Тут на ее неподвижных губах появились кривая улыбочка, старческая, чуть насмешливая, мой отвлекающий маневр она, должно быть, сочла слишком грубым, слишком сентиментальным или излишним и с высокомерной, не допускающей фамильярности улыбкой на скривленных губах сказала, что этот вопрос она для себя благополучно закрыла, и вообще, они давно не встречались, пожала она плечами, тем самым давая понять, что с ним, с Кристианом, она прощаться не будет; так, значит, и это останется вечно живым и саднящим, подумал я, она же добавила, цитируя – разумеется, иронически – в ту пору расхожее благодаря радиоголосам выражение, что напишет ему из свободного мира, и вообще, сказала она, между ними все было чисто по-детски, хотя Кристиан, несомненно, красивый мальчишка, и вдруг, словно выглянув на мгновенье из-под безразличного и даже циничного выражения, лицо ее озарила искрометная, озорная, обнажившая белые зубы улыбка: пускай он достанется мне! ей в последнее время больше нравятся некрасивые, поэтому, к сожалению, я тоже не мог бы рассчитывать у нее на успех.

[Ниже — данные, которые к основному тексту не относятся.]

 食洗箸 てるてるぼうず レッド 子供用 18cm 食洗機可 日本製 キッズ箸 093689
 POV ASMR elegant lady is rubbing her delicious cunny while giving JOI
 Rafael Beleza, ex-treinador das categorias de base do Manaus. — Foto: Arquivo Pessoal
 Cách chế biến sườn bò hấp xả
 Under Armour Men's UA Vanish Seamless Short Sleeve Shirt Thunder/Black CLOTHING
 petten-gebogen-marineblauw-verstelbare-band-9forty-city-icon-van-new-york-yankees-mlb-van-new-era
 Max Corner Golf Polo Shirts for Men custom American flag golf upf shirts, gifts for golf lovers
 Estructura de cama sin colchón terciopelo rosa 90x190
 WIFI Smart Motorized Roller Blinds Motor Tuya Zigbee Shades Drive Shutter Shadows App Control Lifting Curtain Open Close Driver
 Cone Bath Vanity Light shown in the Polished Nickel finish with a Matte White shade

Если б она не произнесла, не прокричала бы этих слов, пускай он достанется мне, если б не выдала, пусть с глазу на глаз, не нарушила своим смехом мою глубочайшую и, как я полагал, никому не известную тайну, которую мне постоянно хотелось забыть, если б тем самым не надругалась над тем, что объединяло нас в прошлом, то, наверное, ей трудней было бы нас покинуть; мне кажется, что сегодня я это понимаю.

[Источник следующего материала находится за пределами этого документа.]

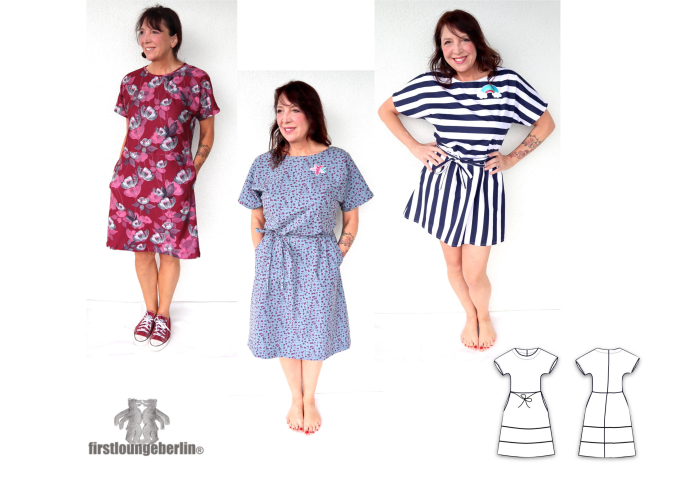Patron robe femme pdf Nele Firstlounge Berlin, en allemand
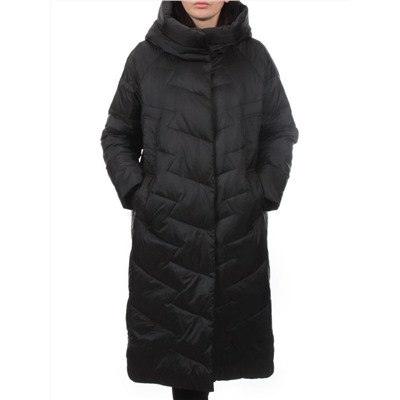3066 BLACK Пуховик зимний женский (80% пух, 20% перо)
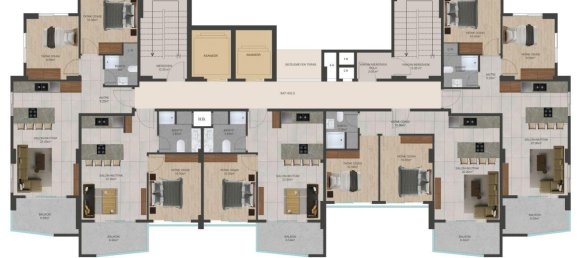 2 rooms Apartment in Mersin, Turkey No. 12660 30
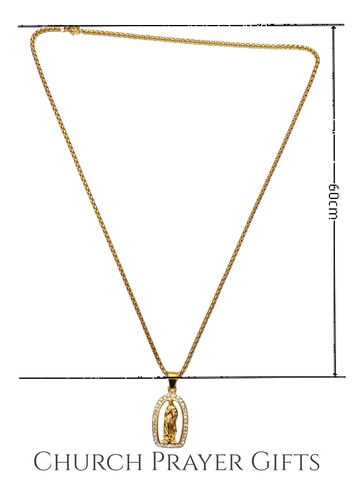 Cross Gold-Plated Faith Blessing Necklace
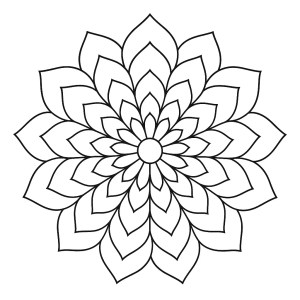 Mandala Coloring Pages – 024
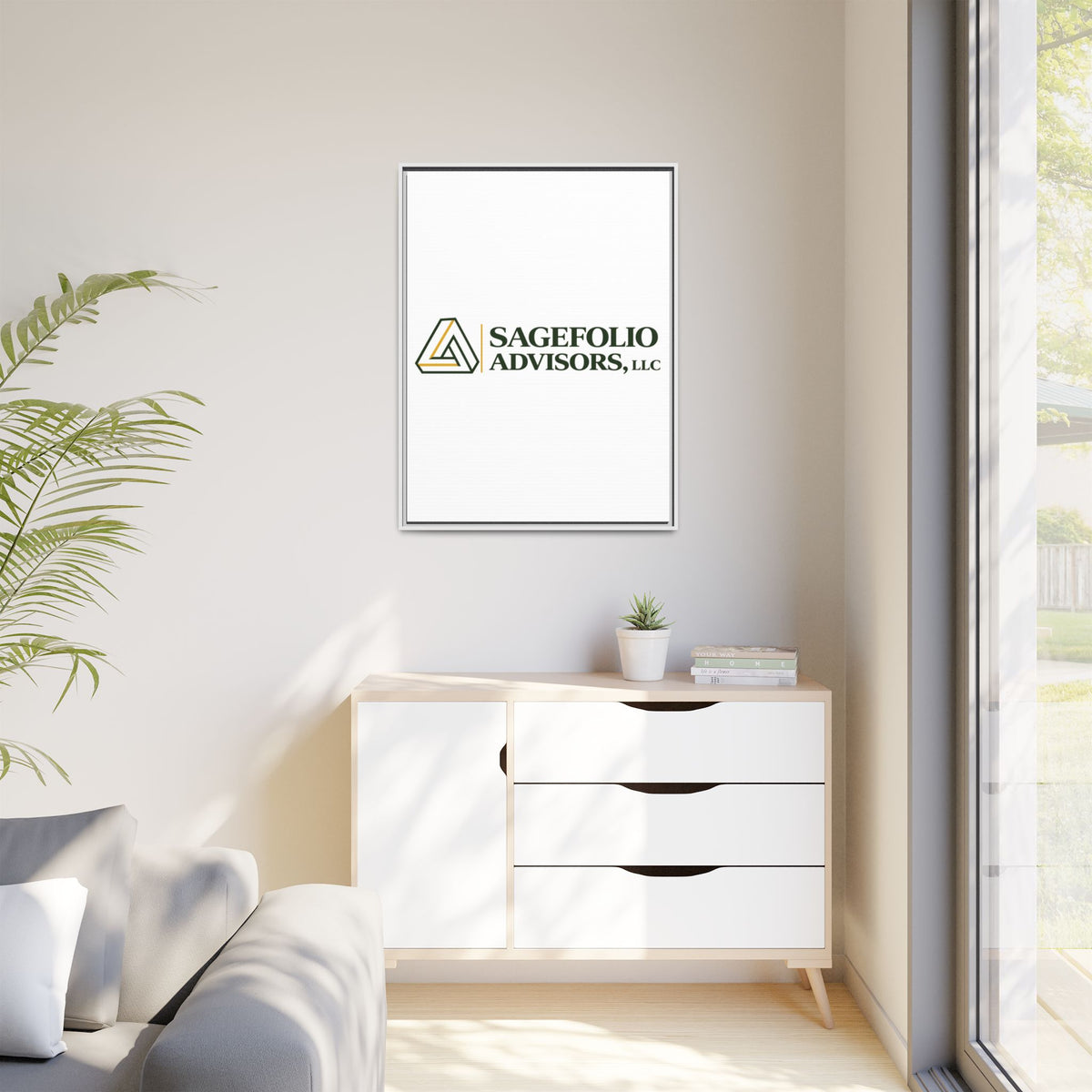 Framed Matte Canvas Wall Art — Sagefolio Advisors Logo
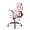 Pink, variant on Ergonomic Computer Gaming Desk Chair, PU Leather with Adjustable Lumbar Support and Headrest, Flip-Up Armrests Swivel Wheels & Reclining Chair for Adults and Teens (White)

Но тогда мы беспомощно смотрели друг другу в глаза, лица наши, словно жуткие маски, снова окаменели, и в эту минуту, от этого нового унижения взаимно чувствуемое и одинаково понимаемое «да» превратилось в большое, окончательное и бесповоротное «нет».

Сохраненная общность могла причинять боль, а отвергнутая не болела, ее можно было забыть.

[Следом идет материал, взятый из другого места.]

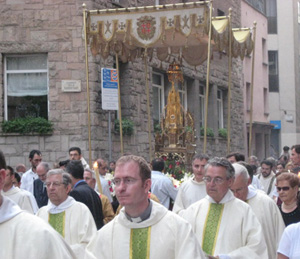 Corpus Christi, procesión en Barcelona 2009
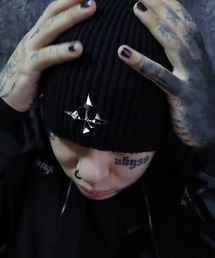 LOVE KILLER | A'GEM/9 × .kom 『LOVE KILLER/ラブ キラー』 LK 3D metallic logo beanie/エルケー３ディーメタリックロゴビーニー(ニットキャップ/ビーニー)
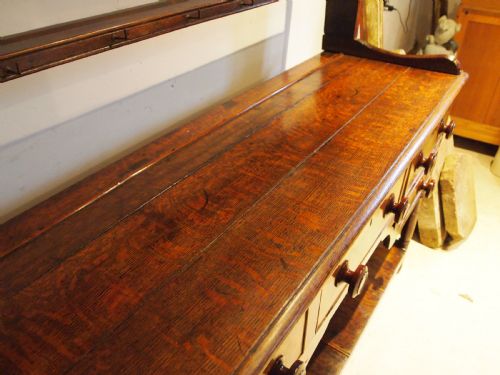 DRESSER STUNNING WELSH OAK CARMARTHENSHIRE C1820 - ADDITIONAL PHOTO 6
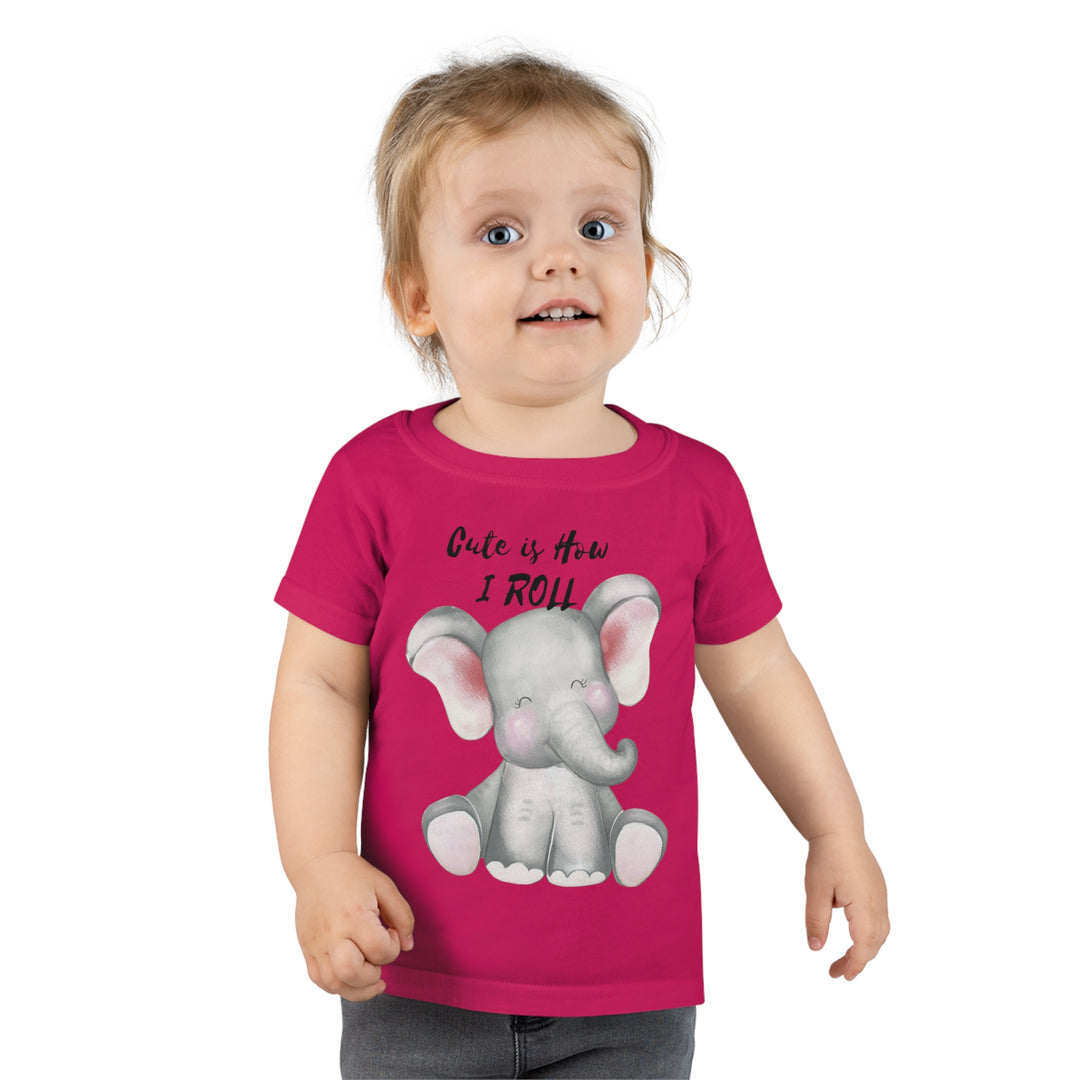 Adorable Elephant Kids Tee – Trendy, Soft Cotton T-Shirt for Stylish & Comfortable Kids - captivatingconversationsstarters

И все же позднее мне часто случалось видеть на незнакомых лицах черты подурневшего лица расстающейся с нами Хеди; случалось это, когда в самых обыденных обстоятельствах я видел вокруг себя напряженно застывшие лица, которые, даже при всей их враждебности, задевали меня за живое, но при этом вместо доверия, внимания и сочувствия, которые я пытался в себе пробудить, я всегда ощущал какое-то внутреннее сопротивление, парализованность еще сохранившихся, невзирая на мой нигилизм, настоящих чувств, некое знакомое издавна оцепенение, потому что ведь и мое лицо с течением времени стало точно таким же, поверх него, казалось, наклеено было другое лицо, недоверчивое, не знающее взаимности, запуганное и при этом от ставшего постоянным страха какое-то агрессивное, скрывающее излишнюю мягкость за излишней жесткостью, говорящее сразу и «да» и «нет», причем с неохотой и раздражением, с нежеланием из-за своего утверждения или отрицания впутаться во что-либо общее; и во всех этих лицах, нерешительных, боящихся за себя, трясущихся от обиды, притворно внимательных, но готовых в любую минуту к агрессии, натянуто неприязненных, ненатурально веселых или плутовато смиренных, в лицах, поспешно избегающих взгляда незнакомца, пытающихся не замечать общего позора разобщенности, мне виделось отражение собственного изменившегося лица; позднее, когда я начал об этом задумываться, у меня сложилось впечатление, что все без исключения, невзирая на принадлежность и убеждения, одинаково скрывали в своих чертах отпечаток минувших и, в силу своей природы, общих событий, все то, о чем они хотели забыть, что хотели бы скрыть за неестественно двусмысленными выражениями лиц.

Вот почему мне кажется совсем не случайным то, что после этого, лишенного даже боли и быстро забытого мною прощания должны были пройти годы, много долгих лет, почти вся моя молодость, прежде чем во мне внезапно прервалось это общее молчание и я в первый и, если не считать этого письменного признания, возможно, в последний раз начал говорить, рассказывать, причем рассказывать так же невольно, как невольно прежде молчал, и к тому же рассказывать в чужой стране, иностранцу, человеку, который имел обо всем этом очень смутное представление, рассказывать на чужом языке, стоя на площадке берлинского трамвая, взахлеб, выплевывая из себя слова, как кровавую рвоту.

Было это воскресным вечером и тоже осенью, когда теплый воздух уже наполнен едким туманом с ощутимым металлическим привкусом; ярко освещенный трамвай, постукивая, неторопливо везет нас по темному и пустынному, несмотря на относительно ранний час, городу.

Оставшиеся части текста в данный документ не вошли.